What is needed =>
The line containing "Illustration d’un kiwi" marks the end: output every line of the data up to it, and that line too, exactly as written.

START Exercise data

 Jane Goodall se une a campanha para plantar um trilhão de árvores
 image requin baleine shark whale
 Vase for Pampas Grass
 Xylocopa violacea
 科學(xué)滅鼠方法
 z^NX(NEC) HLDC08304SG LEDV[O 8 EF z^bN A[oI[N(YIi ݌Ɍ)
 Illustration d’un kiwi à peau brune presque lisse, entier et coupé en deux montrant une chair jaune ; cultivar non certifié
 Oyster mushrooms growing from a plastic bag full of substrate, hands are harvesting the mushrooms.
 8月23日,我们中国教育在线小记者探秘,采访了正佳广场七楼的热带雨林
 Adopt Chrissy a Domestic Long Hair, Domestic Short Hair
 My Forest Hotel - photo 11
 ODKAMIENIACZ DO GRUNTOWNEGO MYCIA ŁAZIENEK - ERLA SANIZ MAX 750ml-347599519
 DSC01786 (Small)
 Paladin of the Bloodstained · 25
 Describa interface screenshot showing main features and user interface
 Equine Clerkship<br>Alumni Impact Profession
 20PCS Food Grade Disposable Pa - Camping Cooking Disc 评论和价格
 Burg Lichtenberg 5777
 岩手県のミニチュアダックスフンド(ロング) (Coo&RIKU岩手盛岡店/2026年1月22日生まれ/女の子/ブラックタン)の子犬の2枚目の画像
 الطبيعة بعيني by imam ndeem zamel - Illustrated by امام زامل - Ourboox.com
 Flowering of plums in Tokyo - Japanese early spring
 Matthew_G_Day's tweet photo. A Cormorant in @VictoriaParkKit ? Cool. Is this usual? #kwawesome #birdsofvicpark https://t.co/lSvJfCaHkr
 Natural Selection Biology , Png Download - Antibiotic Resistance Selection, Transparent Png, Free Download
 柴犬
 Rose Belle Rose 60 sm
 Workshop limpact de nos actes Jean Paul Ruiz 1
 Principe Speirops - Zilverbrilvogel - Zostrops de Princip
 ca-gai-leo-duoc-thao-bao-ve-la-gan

END Exercise data

Answer below =>
 Jane Goodall se une a campanha para plantar um trilhão de árvores
 image requin baleine shark whale
 Vase for Pampas Grass
 Xylocopa violacea
 科學(xué)滅鼠方法
 z^NX(NEC) HLDC08304SG LEDV[O 8 EF z^bN A[oI[N(YIi ݌Ɍ)
 Illustration d’un kiwi à peau brune presque lisse, entier et coupé en deux montrant une chair jaune ; cultivar non certifié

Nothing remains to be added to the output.